From June 25, 2003 through July 17, 2003, the Company and KPMG had several telephone conferences with PwC, and the Company and PwC exchanged correspondence relating to the restatements. The last conference call occurred on July 17, 2003 and included representatives of the Company, KPMG and PwC, including members of the national offices of both KPMG and PwC. The Company had previously furnished to PwC all information the Company had regarding the reserve adjustment. On the July 17 call, although PwC indicated that it disagrees that the adjustments in the Company’s loss reserves as of December 31, 2001 and 2000 are attributable to errors in the Original Financial Statements, PwC did not furnish any additional information to the Company to cause it to believe that the reserve increases were not due to error.

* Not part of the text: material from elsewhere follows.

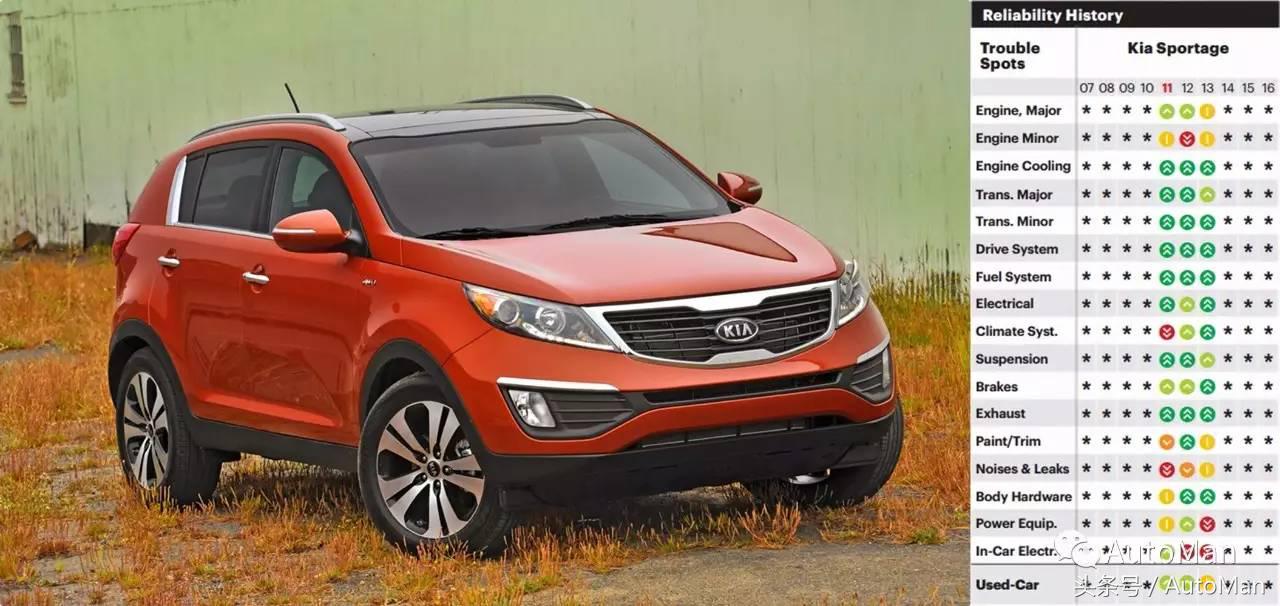 韩国车质量好吗,韩国大林250发动机质量怎样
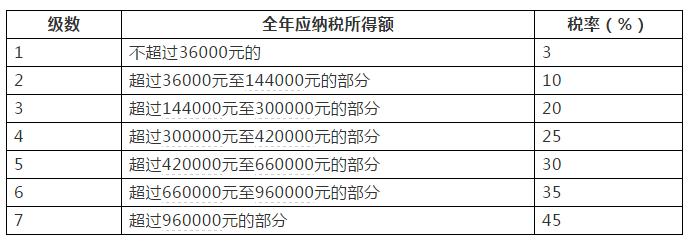 个人所得税起征点是多少(个人所得税多少钱起征)  第1张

After the July 17 call, KPMG determined that its obligations under applicable AICPA professional standards with respect to communications with predecessor auditors had been met and that KPMG was in a position to issue its audit report on the reaudited financial statements.

 

On July 25, 2003, Kingsway filed a complaint against PwC, Millers Herbers Lehman & Associates, another former outside actuary for the Company, and the former directors of the Company in the United States District Court for the Southern District of New York, based substantially on the understated reserves of the Company reflected in the Company’s historical 2000 and 2001 financial statements.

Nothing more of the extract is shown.